Die ungarische Regierung verstosse «gegen den Geist und die Worte der EU-Verträge», sagte Asselborn im Gespräch mit der Nachrichtenagentur Reuters. Er forderte einen sofortigen Stopp der Pläne, auch weil Ungarn am 1. Januar die EU-Ratspräsidentschaft übernimmt.

«Doppelstandards der Europäer»

«Es stellt sich die Frage, ob ein solches Land würdig ist, die EU zu führen», sagte Asselborn. Wenn Ungarn mit diesem Gesetz den EU- Ratsvorsitz übernehme, müsse man wirklich von Doppelstandards der Europäer sprechen. Denn die Europäische Union sehe sich bisher zu Recht als weltweite Speerspitze im Kampf für Meinungs- und Pressefreiheit.

«Wir werden Ungarn sehr genau an den europäischen Standards zur Pressefreiheit messen», sagte der der deutsche Fraktionschef der Sozialdemokraten im EU-Parlament, Martin Schulz, der «Frankfurter Rundschau».

Der deutsche EU-Parlamentarier Alexander Alvaro (FDP) erklärte, die ungarische Regierung müsse sich fragen, ob sie mental überhaupt hinter dem Projekt Europäische Union stehe, deren Werte mittrage und den EU-Vorsitz übernehmen könne.

Neue Medienbehörde hat Kontrolle

Ungarns Parlament hat ein Mediengesetz verabschiedet, das der von der rechtskonservativen Regierungspartei Fidesz kontrollierten neuen Medienbehörde NMHH künftig neben der Aufsicht der staatlichen Medien auch die Kontrolle über die privaten Fernseh- und Radiosender sowie Zeitungen und Internetportale erteilt. Kritiker fürchten eine massive Einschränkung der Medienfreiheit.

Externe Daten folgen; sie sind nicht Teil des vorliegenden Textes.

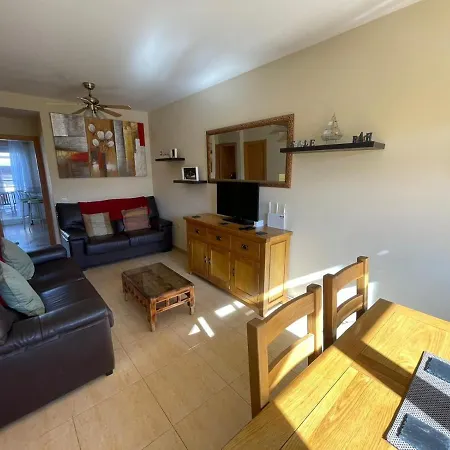 Mi Casa Su Casa *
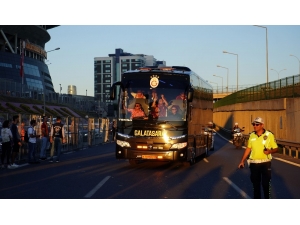 Takımlar Stada Ulaştı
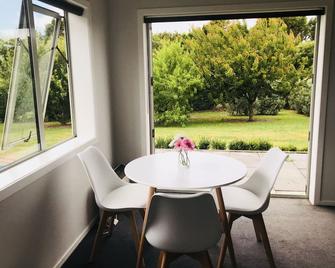 Rural Retreat 1 bedroom Guesthouse - New Plymouth - Dining room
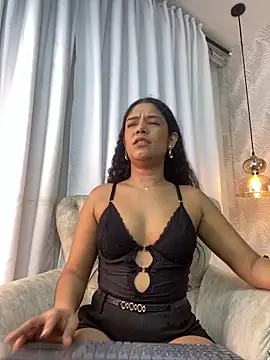 Miaafoxx   online show from March 6, 2026, 7:42 pm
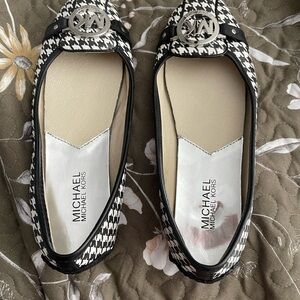 Michael Kors Houndstooth Black and White Flats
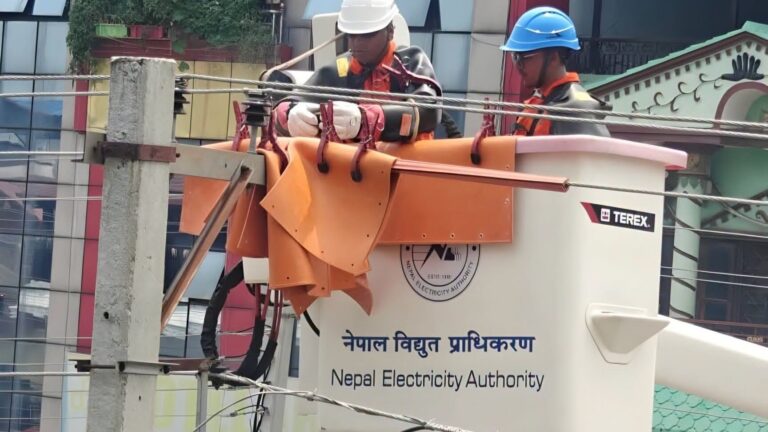 नेपालमा पहिलो पटक लाइन नकाटी विद्युत मर्मतको परीक्षण सुरु
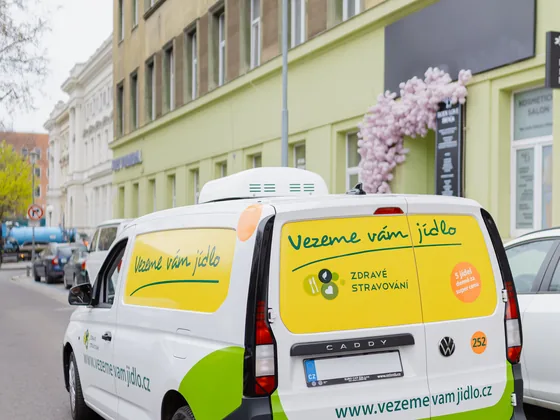 Branded refrigerated delivery van of Zdravé stravování
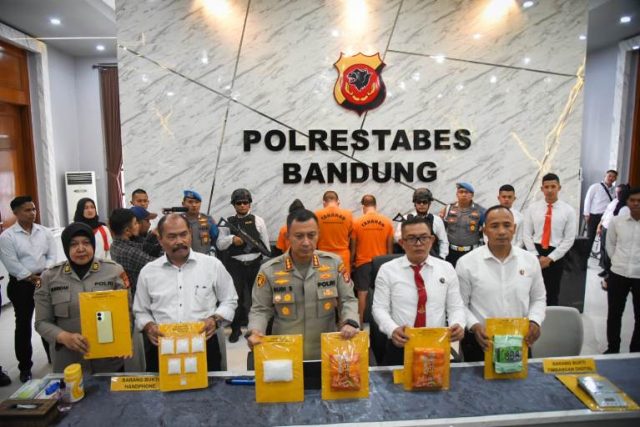 Polisi Tangkap Pasutri di Bandung Lantaran Kendalikan Peredaran Sabu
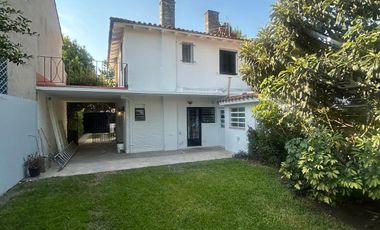 Casa en alquiler de 6 ambientes en Acassuso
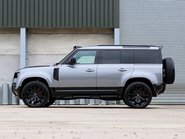 Land Rover Defender 110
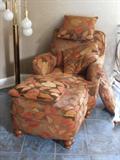 VERY COMFORTABLE LOUNGE/READING CHAIR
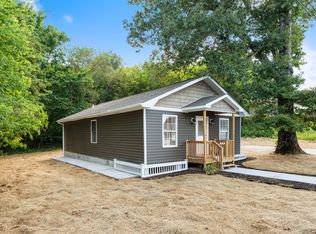 1360 37th St NE, Cleveland, TN 37312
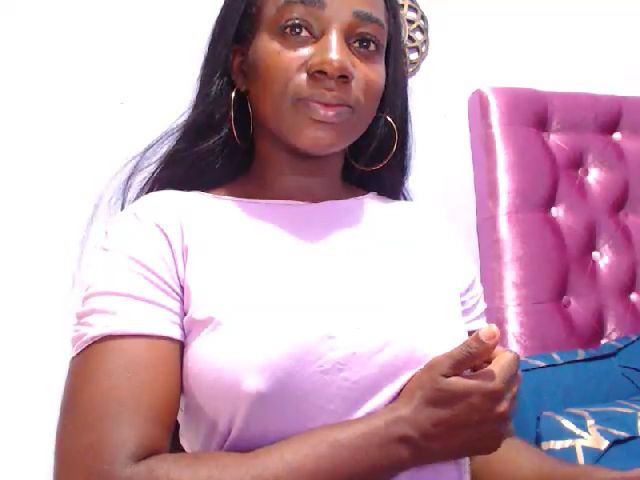 Live sex webcam photo for CristalClock #268725340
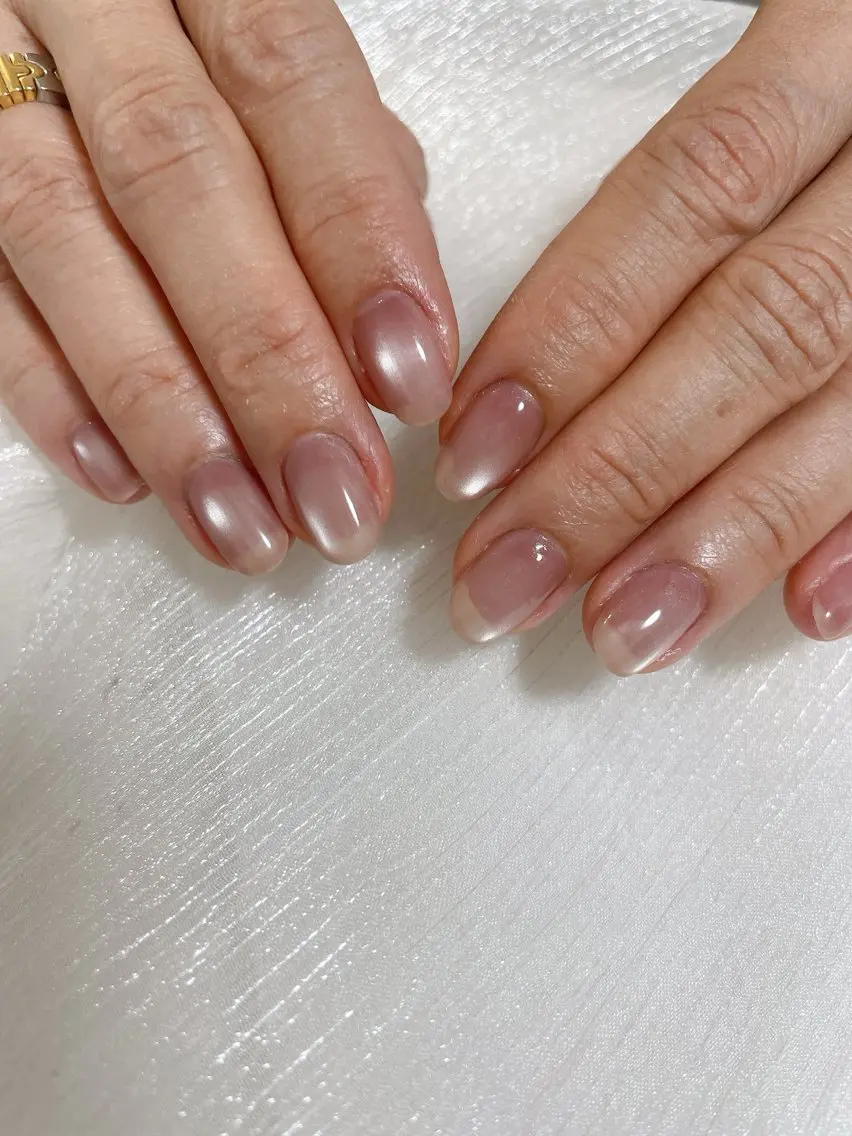 ネイル オーロラネイル フットネイル フレンチネイル ジェルネイル マグネットネイル ハンドネイル mogunail &blowのネイルデザイン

Der Vorstand der ungarischen Medienbehörde besteht ausschliesslich aus Vertretern der Fidesz. Die NMHH-Präsidentin Annamaria Szalai wurde von Ministerpräsident Viktor Orban persönlich für neun Jahre ernannt. Laut geänderter Verfassung darf der NMHH- Präsident ohne parlamentarische Kontrolle Verordnungen und Vorschriften erlassen.

Kein Vergleich mit Haider

Asselborn wirft der ungarischen Führung deshalb autoritäre Tendenzen vor. Er wies einen Vergleich mit dem missglückten Versuch der EU-Staaten zurück, Österreich im Jahr 2000 wegen der damaligen Regierungsbeteiligung des Rechtspopulisten Jörg Haider auszugrenzen. «Im Vergleich zu den ungarischen Plänen war Haider ein Messdiener.»

Der Österreicher habe nie versucht, die Medien unter staatliche Kontrolle zu stellen. «Diesmal kann auch niemand behaupten, ein Eingreifen der EU sei eine Einmischung in innere Angelegenheiten: «Das geplante Gesetz verstösst gegen die festgeschriebenen Werte von 500 Millionen Europäern.»